Sekitar 33 juta ton dieksport dan sisanya sebesar 11 juta ton untuk konsumsi
dalam negeri. Dari jumlah 11 juta ton tersebut 60 % atau sekitar 6.5 juta ton
digunakan untuk pembangkit listrik, 30 % untuk industri semen dan sisanya
digunakan untuk rumah tangga dan industri kecil.
1.2Tujuan
Tujuan menyusun makalah ini ialah
:
1.
Mengetahui asal-usul
(Ganesa) dari Batubara
2.
Mengertahui Proses
Pembentukan Batubara
1.3Perumusan
Masalah
Berdasarkan
uraian di atas, maka kegiatan difokuskan pada :
1.
Darimana batubara berasal
2. Bagaimana proses terbentuknya batubara
BAB
II
PEMBAHASAN
1.
GANESA BATUBARA
Pembentukan batubara dimulai sejak Carboniferous Period (Periode
Pembentukan Karbon atau Batu Bara) – dikenal sebagai zaman batu bara pertama –
yang berlangsung antara 360 juta sampai 290 juta tahun yang lalu. Mutu dari setiap
endapan batu bara ditentukan oleh suhu dan tekanan serta lama waktu
pembentukan, yang disebut sebagai ‘maturitas organik’. Proses awalnya gambut
berubah menjadi lignite (batu bara muda) atau ‘brown coal (batu bara coklat)’ –
Ini adalah batu bara dengan jenis maturitas organik rendah. Dibandingkan dengan
batu bara jenis lainnya, batu bara muda agak lembut dan warnanya bervariasi
dari hitam pekat sampai kecoklat-coklatan.
Mendapat pengaruh suhu dan tekanan yang terus menerus selama jutaan
tahun, batu bara muda mengalami perubahan yang secara bertahap menambah
maturitas organiknya dan mengubah batu bara muda menjadi batu bara
‘sub-bitumen’. Perubahan kimiawi dan fisika terus berlangsung hingga batu bara
menjadi lebih keras dan warnanya lebh hitam dan membentuk ‘bitumen’ atau
‘antrasit’. Dalam kondisi yang tepat, penigkatan maturitas organik yang semakin
tinggi terus berlangsung hingga membentuk antrasit.

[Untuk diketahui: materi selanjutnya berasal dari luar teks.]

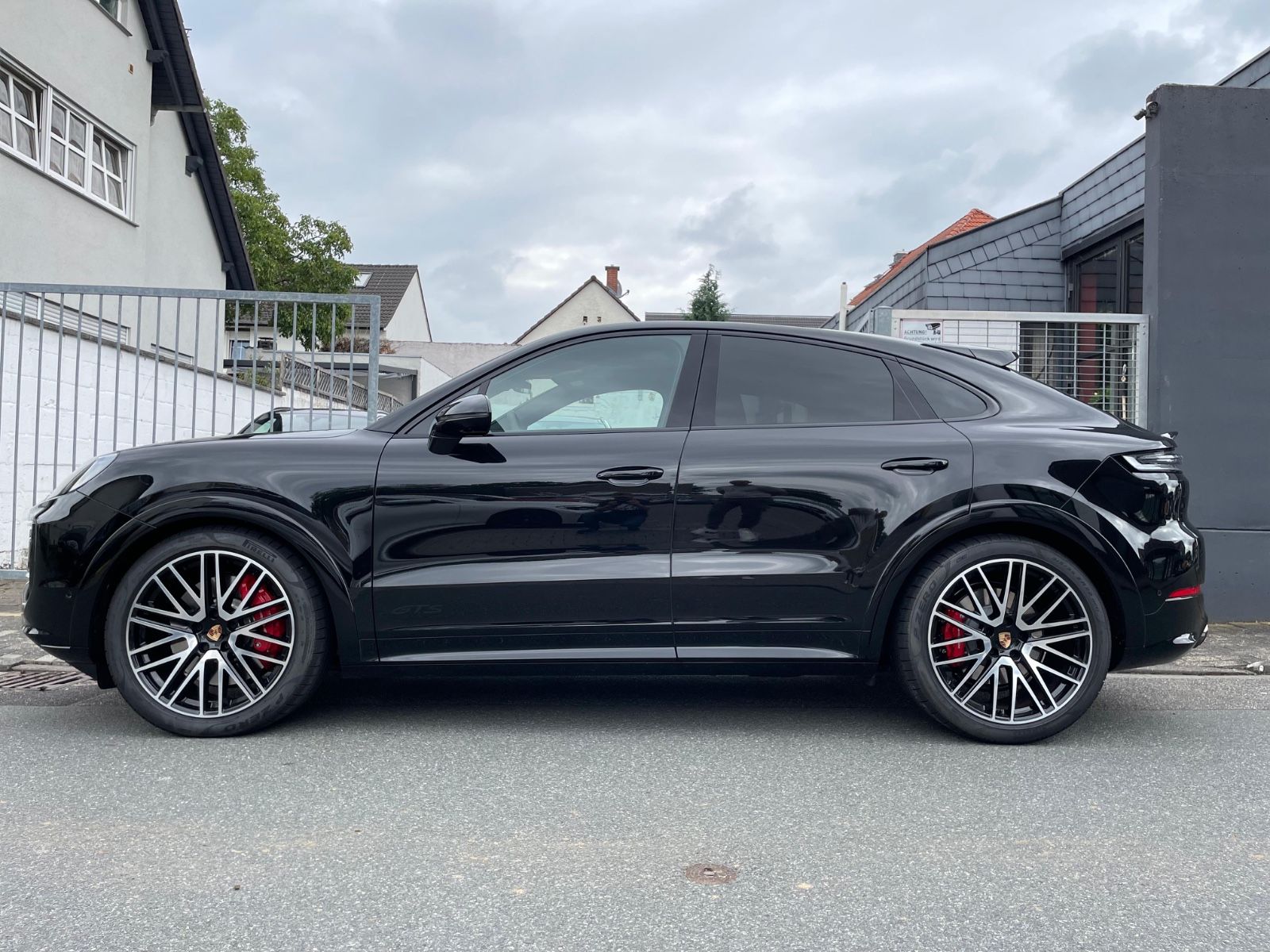 Fahrzeugabbildung Porsche Cayenne GTS Coupé |HUD|ACC|360°|3.Disp|Sportdesi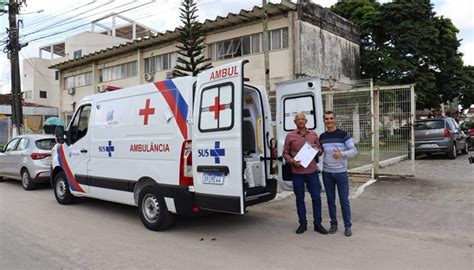 Prefeitura de Amélia Rodrigues recebe nova ambulância Semi UTI Fala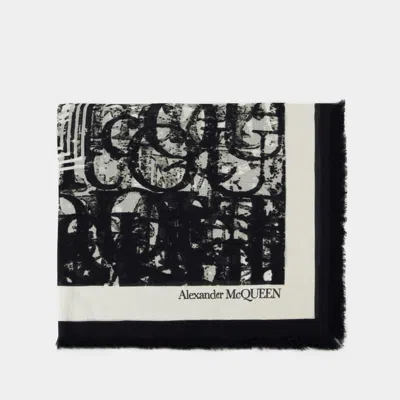 Alexander Mcqueen Schal Stamp Biker Aus Wolle In Multicoloured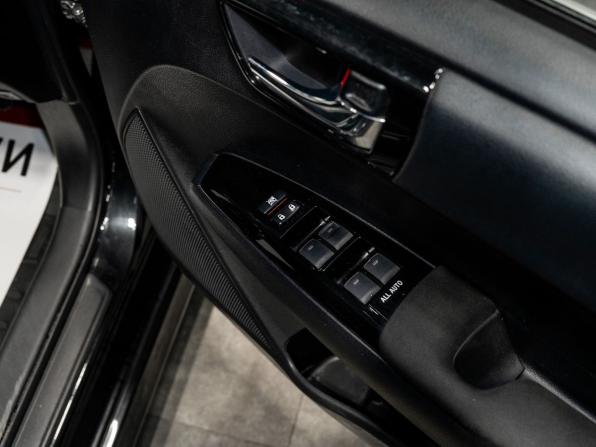Toyota Corolla XI (E160 E170) Рестайлинг 2 с пробегом 2019 года, цена 1 700 000 рублей, 68928 км, универсал, Автокод Объявления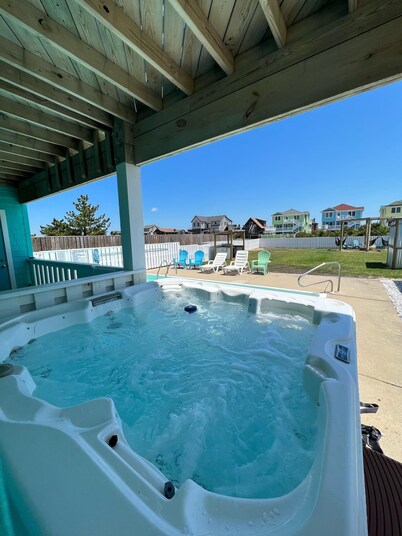 Carolina Hooked:Oceanside home w/pool, hot tub, tiki bar, fire pit & more!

Ø Materi penyusun Batubara
Hampir seluruh pembentuk batubara berasal dari tumbuhan. Jenis-jenis
tumbuhan pembentuk batubara dan umurnya menurut Diessel (1981) adalah sebagai
berikut:
1. Alga, dari Zaman Pre-kambrium hingga Ordovisium dan bersel tunggal.

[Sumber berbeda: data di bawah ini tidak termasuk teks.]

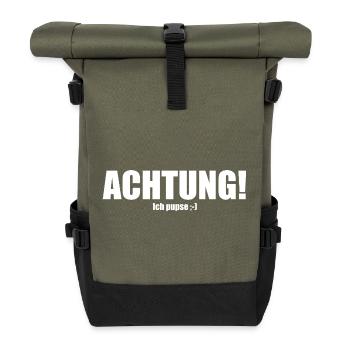 Achtung! Ich pupse ;-) - Rolltop Rucksack - Olive/Schwarz - Vorne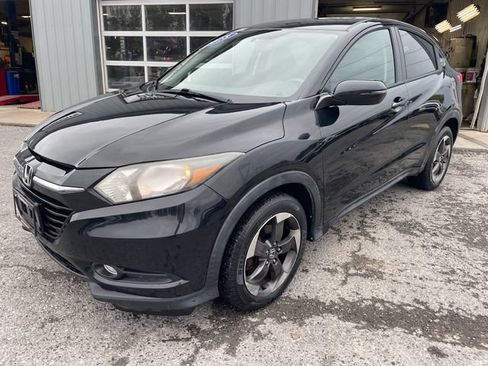 Used 2018 Honda HR-V EX image 3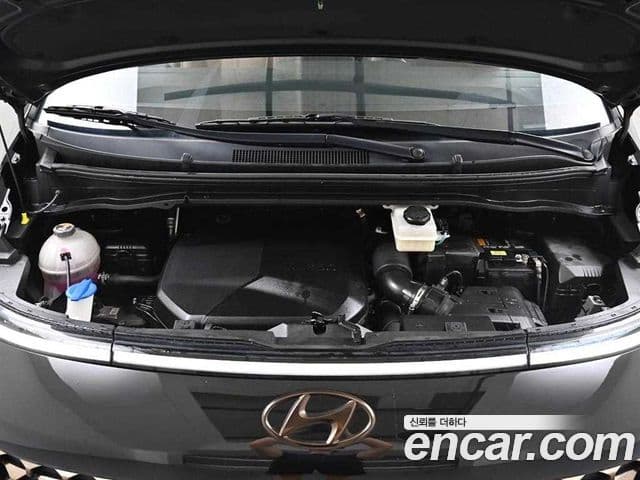 Hyundai Staria 2021 — Şəkil 5/19
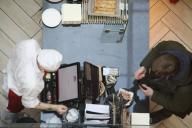 Безработной молодежи в Минске становится меньше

Sangat sedikit endapan batubara dari perioda ini.
2. Silofita, dari Zaman Silur hingga Devon Tengah, merupakan turunan dari
alga. Sedikit endapan batubara dari perioda ini.
3. Pteridofita, umur Devon Atas hingga KArbon Atas. Materi utama pembentuk
batubara berumur Karbon di Eropa dan Amerika Utara. Tetumbuhan tanpa bunga dan
biji, berkembang biak dengan spora dan tumbuh di iklim hangat.
4. Gimnospermae, kurun waktu mulai dari Zaman Permian hingga Kapur Tengah.
Tumbuhan heteroseksual, biji terbungkus dalam buah, semisal pinus, mengandung
kadar getah (resin) tinggi. Jenis Pteridospermae seperti gangamopteris dan
glossopteris adalah penyusun utama batubara Permian seperti di Australia, India
dan Afrika.
5. Angiospermae, dari Zaman Kapur Atas hingga kini. Jenis tumbuhan modern,
buah yang menutupi biji, jantan dan betina dalam satu bunga, kurang bergetah
dibanding gimnospermae sehingga, secara umum, kurang dapat terawetkan.
ü Jenis-jenis Batubara
Berdasarkan tingkat
proses pembentukannya yang dikontrol oleh tekanan, panas dan waktu, batu bara
umumnya dibagi dalam lima kelas antara lain antrasit, bituminus, sub-bituminus,
lignit dan gambut.
·
Antrasit adalah kelas batu bara tertinggi, dengan warna hitam berkilauan metalik,
mengandung antara 86% - 98% unsur karbon (C) dengan kadar air kurang dari 8%.
·
Bituminus mengandung 68 - 86% unsur karbon (C) dan berkadar air 8-10% dari beratnya.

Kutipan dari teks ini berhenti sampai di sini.